古墳 出土のや鞍金具には毛彫りによって文様を線刻されたものもあって、古くからの 技法 であることが知られている。飛鳥時代、奈良時代以降は仏具、生活用具の文様、銘文の線刻に広く用いられた。飛鳥時代の東京国立博物館所蔵の金銅灌頂幡の飛天、仏、雲、唐草は毛彫りであるが、その描線は非常に流麗である。また東大寺大仏の蓮弁の蓮華蔵世界図もこの毛彫りによって表されている。1001年の西新井大師総持寺所蔵の毛彫蔵王権現像は白描の絵画をみるようであり、巧妙精緻な線刻は毛彫りの最高技術を示す。このように古い時代から 伝承 された 伝統技術 を駆使し、金工家 が 独学 で改良し、新しい 日本独自 の 美術工芸品 や 素晴らしい 逸品 、そして 文化遺産 が 伝世品 や 工芸品 として残されてきた。

● 透かし彫り
彫金技法の一種。金属や木、石の一部を鏨や糸鋸を使って切り落とし、残った部分で文様をつくる技法。文様透かしと地透かしの2種があり、 鋳造 や細線細工による透かし文様とは異なる 細密 な表現が可能で、この 緻密 な技法は多く貴金属細工に応用される。文様透かしは、文様を透かして素地を残す方法。地透かしは、文様の周りの素地を透かす方法で透かし彫りと言います。木彫り の仏の光背、欄間、刀剣のなどに技巧を凝らしたものが多い。 普通の線彫り模様に比べ、華やかに仕上がる。日本独自の古い時代には古墳時代の出土品中に作例がみられる。法隆寺の玉虫厨子に張られた忍冬唐草透かし彫の金銅金具や、東京国立博物館所蔵の金銅透彫灌頂幡 、正倉院宝物 の銀薫炉はその代表作。

●蹴り彫り
彫金の一技法で、毛彫りの変形。鏨を軽く浮かせ、蹴るように打ち込みで線を刻む技法。毛彫りは鏨を金属面から離さずに彫り進めるが、蹴彫は一打ちごとに鏨を抜くので、描線は小さな楔形を連ねた点線状となる。

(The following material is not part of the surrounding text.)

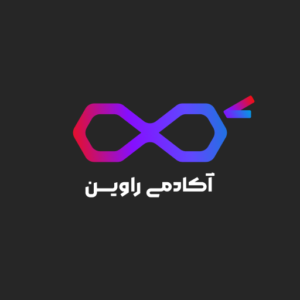 کارشناس شکار تهدید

奈良時代に始まり、平安時代に最も流行したとされる。

●肉彫り
鏨で裏面から 打ち出し たり、表面を叩いて肉付けする技法。肉の厚みによって使う鏨も異なる。金属板に浮彫をする肉彫りのうち、肉の厚いものを高肉彫、薄いものを薄肉彫という。金工品や金工作品にはいろいろな技法がありますが、金工家が苦労して厚手の金属を文様を残して地の部分を彫り下げ、高肉の浮彫にする技法を考えました。刀剣の刀装具の 彫金細工 や象嵌細工などに応用される。

●片切彫り
刃先が‘‘ 一 ’’の文字になった鏨を使い、片刃の鏨を斜めに打込んで、肥痩のある線を 彫刻 する。花鳥風月 の文様などを掘り込む技法。刃先を幅広く使ったり、当てる角度を変えることによって、さまざまに表現することがでる。円山・四条派の絵画の付立の筆法を彫金細工で表わしたもので、鏨先を深く一刀で彫り込む。横谷宗珉の創意になると伝えられる。

●魚子打ち
魚子地 、七子とも記す。刃先が小さな輪状の刃になった魚々子鏨を使い、金属の表面に魚の卵のような小さな円の文様を連続して打ち込み技法。一般に地文に用い、魚子地という。シンプルですが、文様を美しく揃えるのは至難の技と言われている。古い例では、奈良時代の崇福寺塔跡から出土した鏡背に唐草文の地文として簡単に打たれたものが見られる。また、このような 古い時代 には、一応は金工品とは言えるが、 金工細工 の技術も未熟で彫金細工や 象嵌細工 、打ち込み、打ち出しの出来る 金工師 も無く、簡単な装飾が施されているだけだった。